Okay so I just recently bought a 95' ford probe gt model and it came pretty much with the factory stereo I'm assuming now im upgrading the stereo to a more modern one that has the aux port and the USB port but sadly I have no idea what I'm doing and am broke so paying someone to do this for me is not an option I've never seen a wire job like this before and could use some help with the direct wiring of the speakers to the stereo now I had my stereo. Working like it would read a cd and what not but now it's not even reading the cd it just says protect anyone with knowledge I would appreciate the help want this done ASAP so I can start on the body work of the car and really put my dash or what ever back together really really confused and a Manuel isn't helping me much so I figured a car form would be best


----------



## Basementgeek (Feb 7, 2005)

Having zero clue as to the radio you are trying to install. Pull the speaker and ID the color coding on its wires. Those same wired should be in the harness.

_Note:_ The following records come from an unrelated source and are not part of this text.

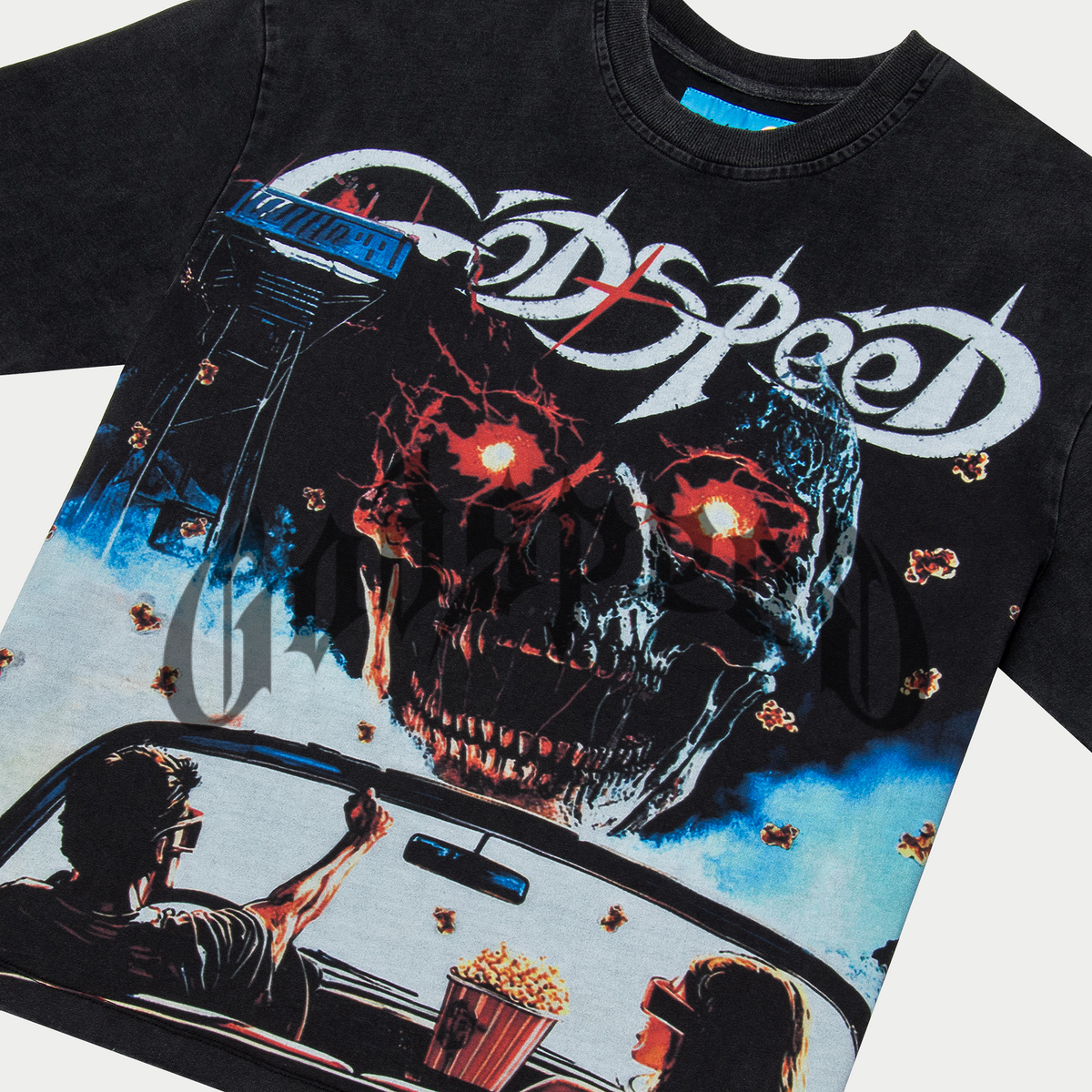 Godspeed "Drive-In"  Black Wash
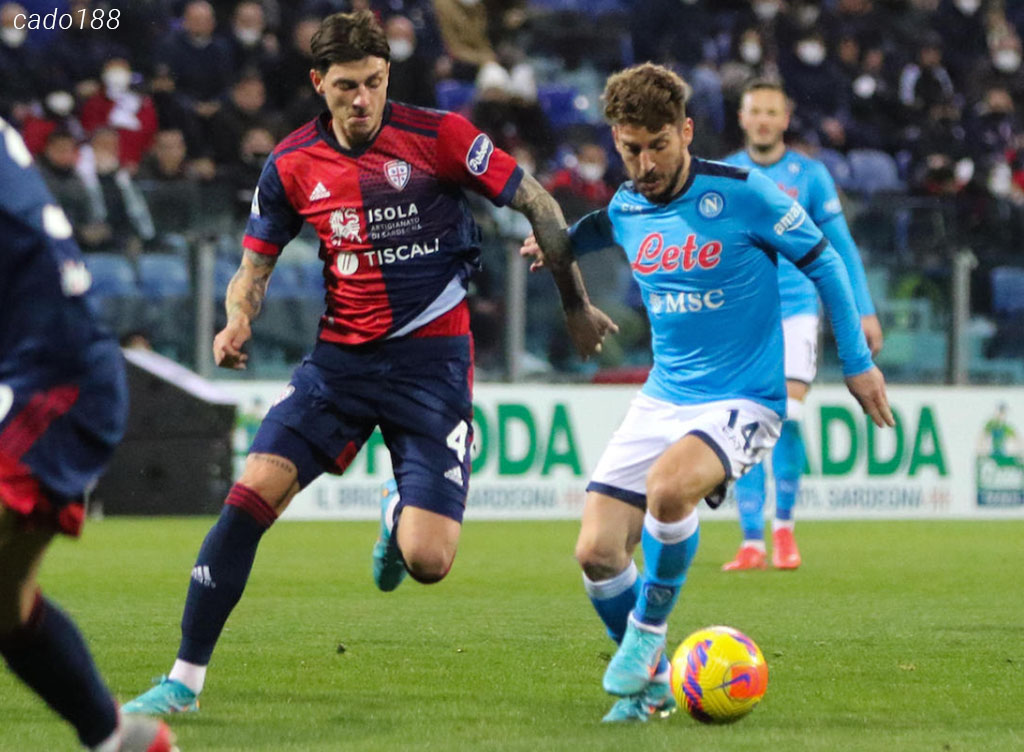 Soi kèo xiên ngày 24/05 Napoli vs Cagliari, Serie A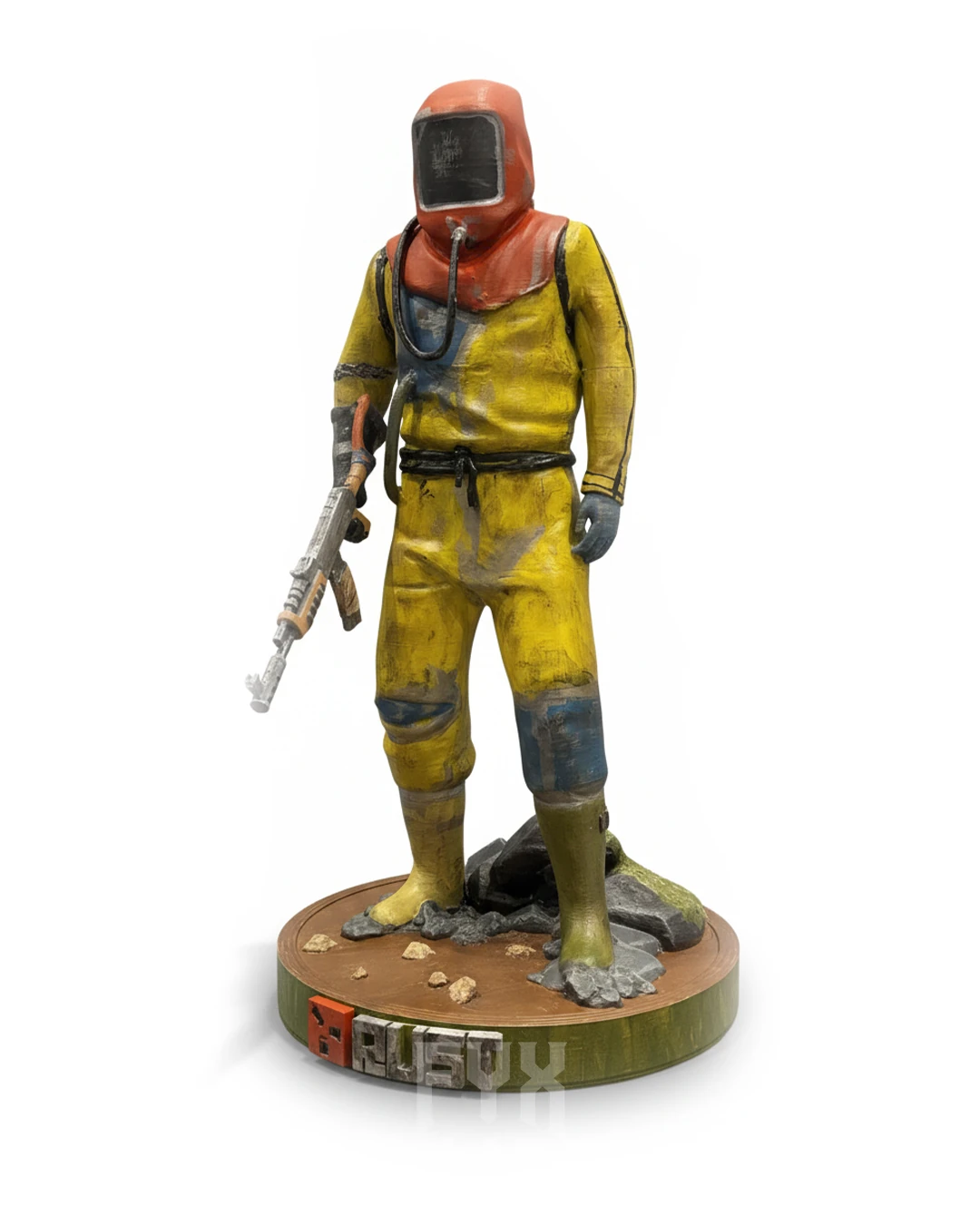 Rust Oyunu Karakter Figürü - Koleksiyonluk Hazmat Suit Figür - Rust Ha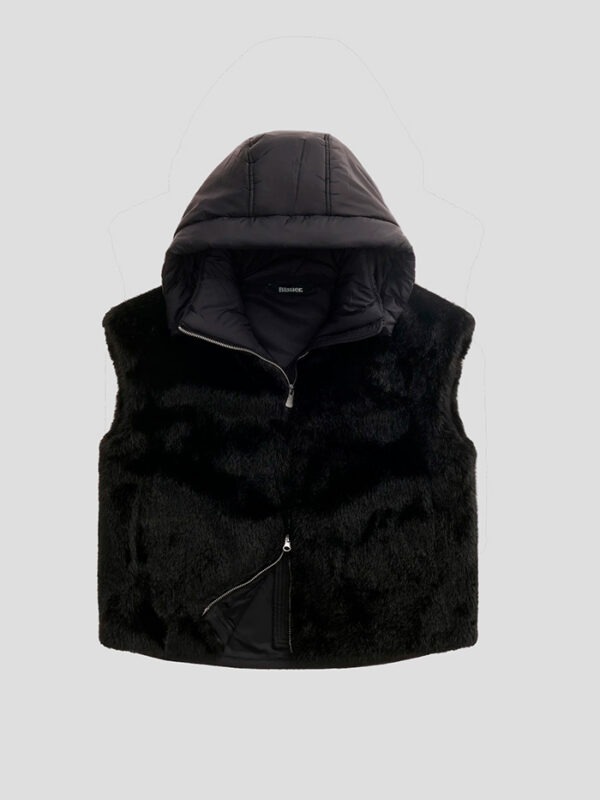 Exit BCN — BLAUER — CAZADORA EN ECOPIEL DESMONTABLE JUNIPER — vista 6 de 6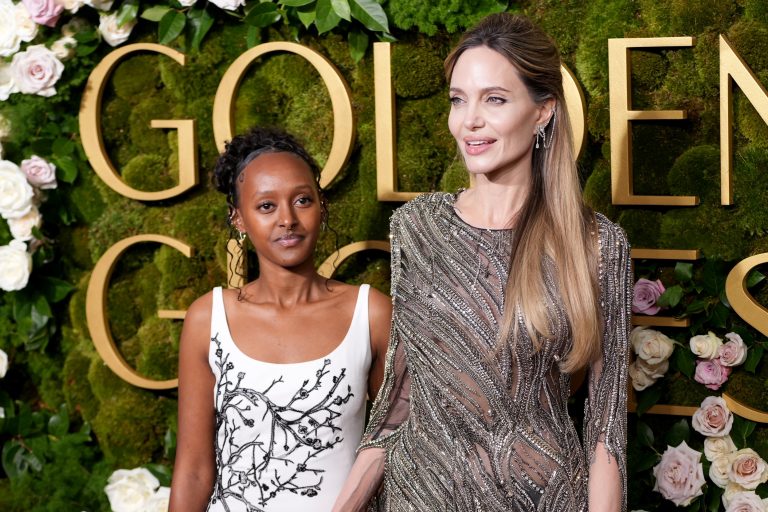 Angelina Jolie’s daughter Zahara, 20, makes uncommon look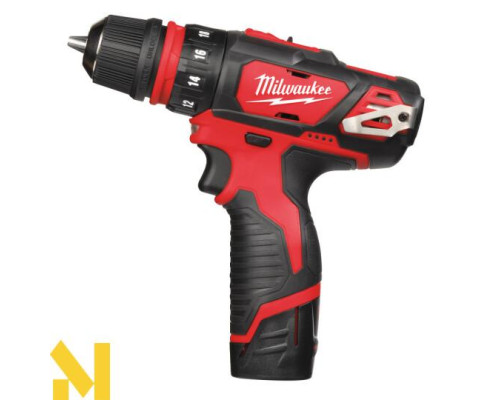 Дриль-шурупокрут акумуляторний Milwaukee M12 BDDX-202C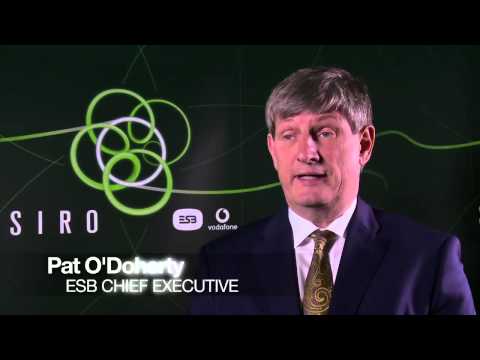 Siro, Ireland’s first 100% Fibre-to-the-Building broadband network unveiled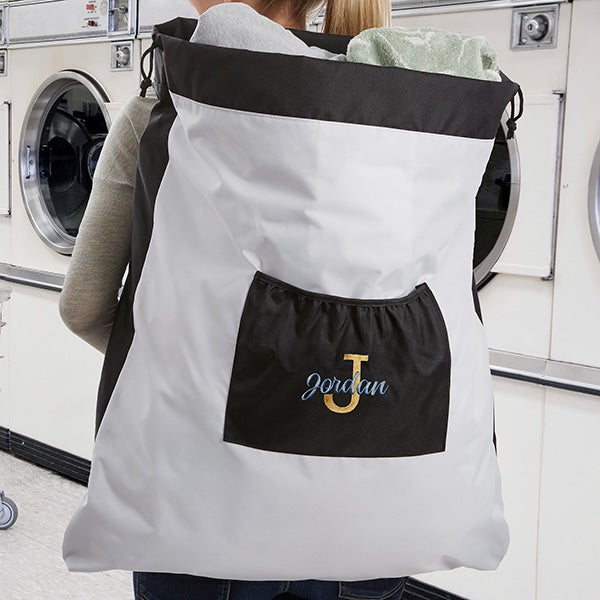 Playful Name Personalized Laundry Sorter Bag - 30085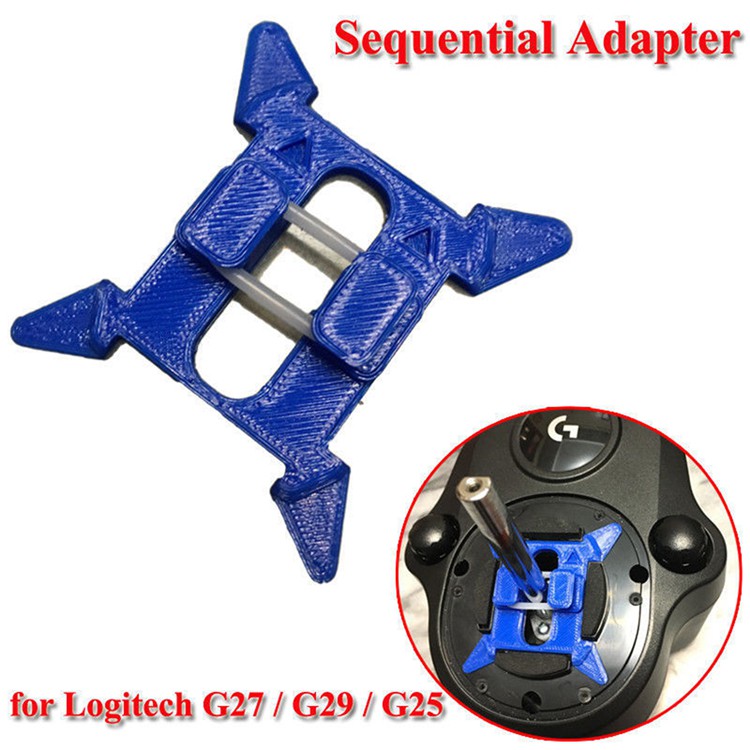 Sequential Gearshift Adapter Set for Logitech G27 G29 G920 G25 Gear Shifter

Match them up to the unit.

BG


----------



## jprince526 (Oct 31, 2013)

You can simplify the install by purchasing a harness for that vehicle. The pin connector will snap into the oem connector. Match the wires with the radio wires using the diagram that comes with the harness and the diagram that came with the radio. Make sure all the connections are secure and taped or shrink tubed. If you use the oem harness, there will not be a need to wire the speakers direct.


----------



## danob (Oct 17, 2014)

Thanks guys it ended up just being a connection error in a few wires sound system is working but appreciate the replies thanks


----------



## danob (Oct 17, 2014)

And as the the stereo brand it was a Kenwood lol


----------